Mendelson keeps coming back to an implication that Bowser — who first announced the deal and the general terms at the end of April — sought to force the council’s hand by leaving it only five or six weeks to review the details and approve the deal. In reality, however, that is a lifetime in the economic development and finance arenas. 

What’s more, Felder is correct: The basic elements in the Bowser agreement are not particularly complicated. In fact, many of the components of the Washington Commanders deal were used and exploited in DC’s construction of the baseball stadium and to some extent in the recent redesign of the deal with Monumental Sports & Entertainment for Capital One Arena and adjacent properties. 

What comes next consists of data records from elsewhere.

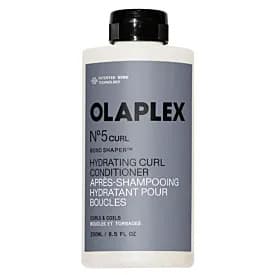 No.5 Curl Bond Shaper | Nawilżająca odżywka do włosów kręconych i falowanych
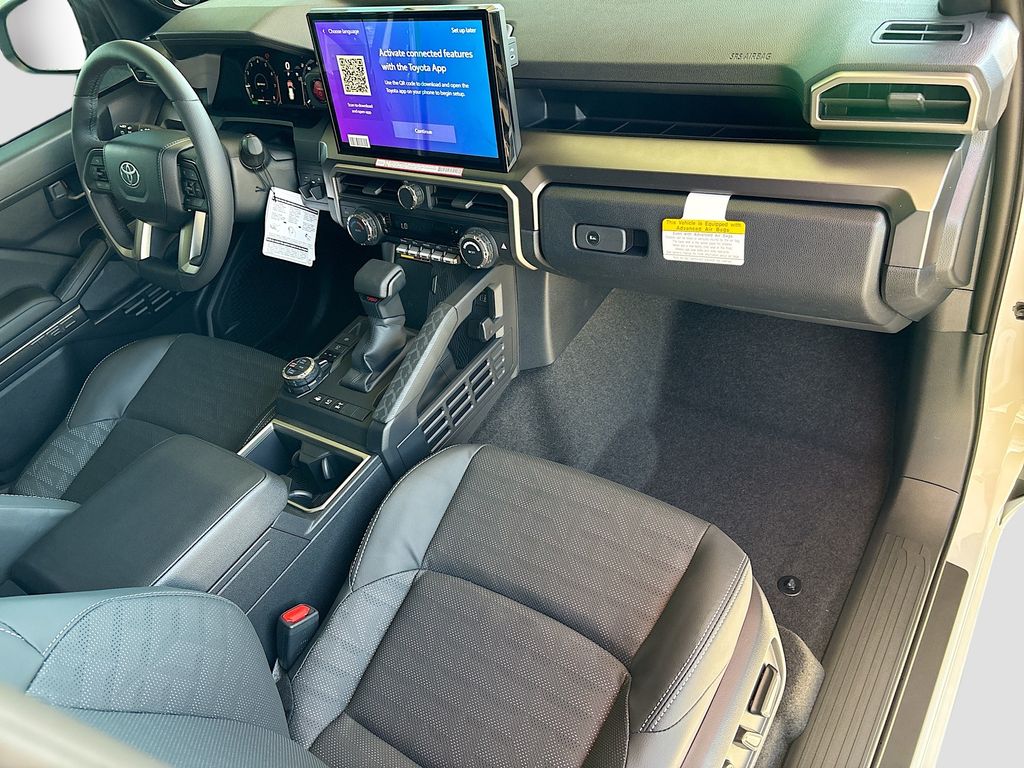 Thumbnail: 2026 Toyota 4Runner - 17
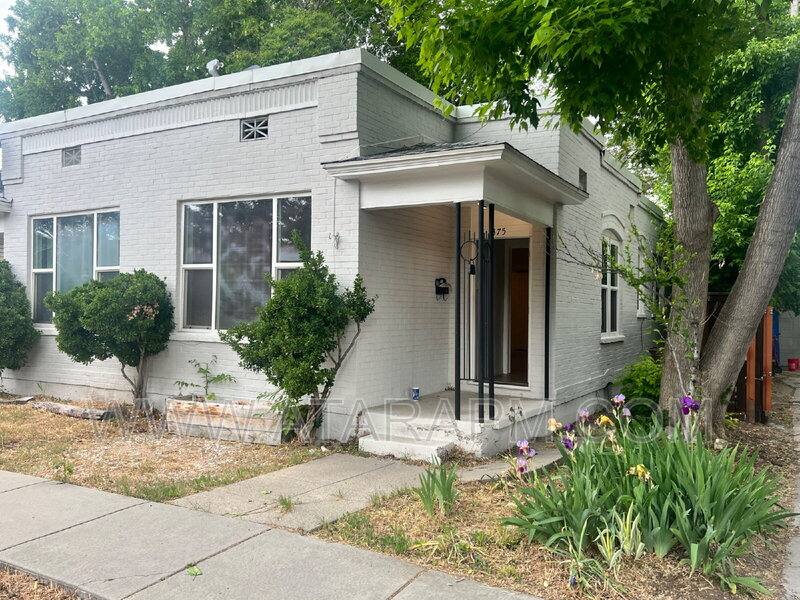 Apartment for rent at 375 E Harrison Ave, Salt Lake City, UT 84115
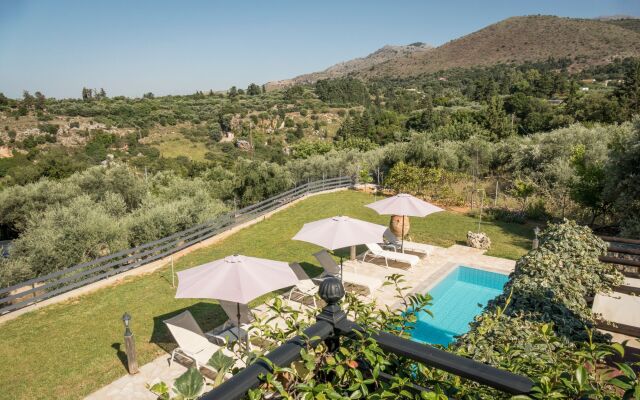 Boutique Villa Petra Amanda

The Commanders’ overall proposal is complex, however. The myriad parts must be understood, analyzed and tracked separately and globally. Each piece must produce the anticipated outcome in order for the city to achieve the desired return on its investment over the next 30 years and beyond.

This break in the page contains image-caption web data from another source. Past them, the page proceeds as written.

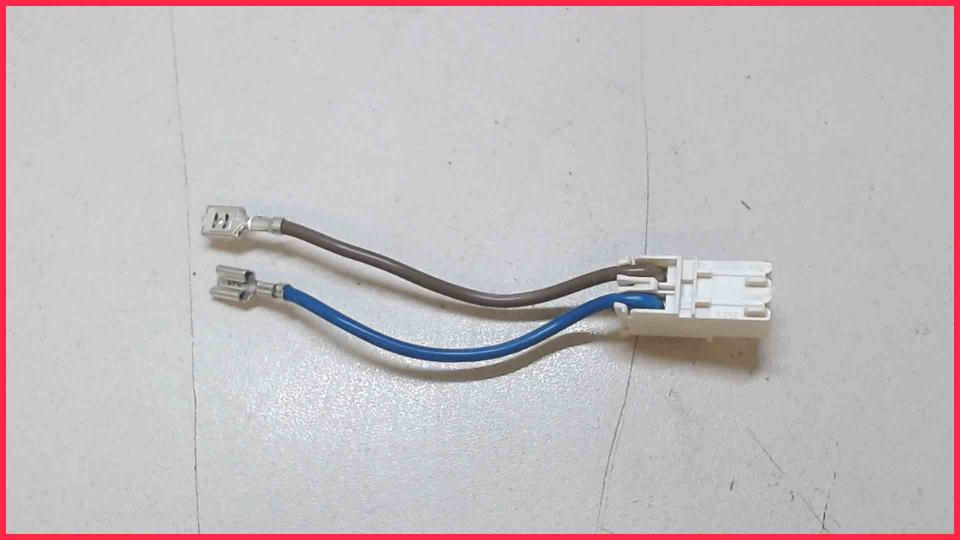 Cable Set Power Netzteil VeroCafe CTES32 TES50251DE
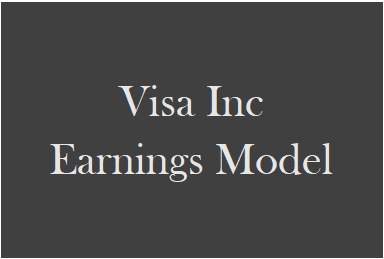 Visa Inc (NYSE V)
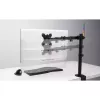 Držiak na monitor Kensington SmartFit Ergo Single Extended K55408WW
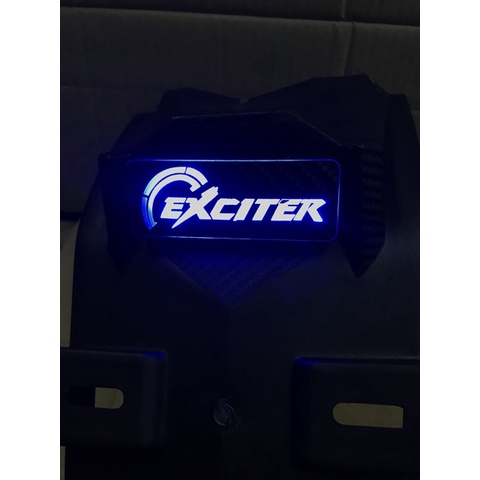 Dè FZ, Sonic Winner, Exciter150 có đèn - MSP:532392IO.DO-JO.DO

The District is facing multiple fiscal challenges in a politically charged environment. Amplifying an assertion I made last week, President Donald Trump’s recent statements make clear that he is standing in the wings ready to snatch the stadium out of DC’s hands and put it under the control of his federal administration. Additionally, there is an urgent need to pass a FY 2026 budget that includes smart policy and fiscal decisions.

Reconstituting the council’s Committee on Finance and Revenue isn’t really a feasible short-term solution at this late date. However, Mendelson can do two things to minimize the current fiscal and economic deficits: First, heed Felder’s advice to work more collaboratively — not just in the legislative branch but also with the executive and the CFO. 

Second, don’t just use Bobb as an analyst. He has the skills the council needs. Mendelson should expand his role, designating him as the legislature’s lead negotiator on the Commanders deal, to ensure District residents get their money’s worth from the redevelopment of the RFK Stadium campus.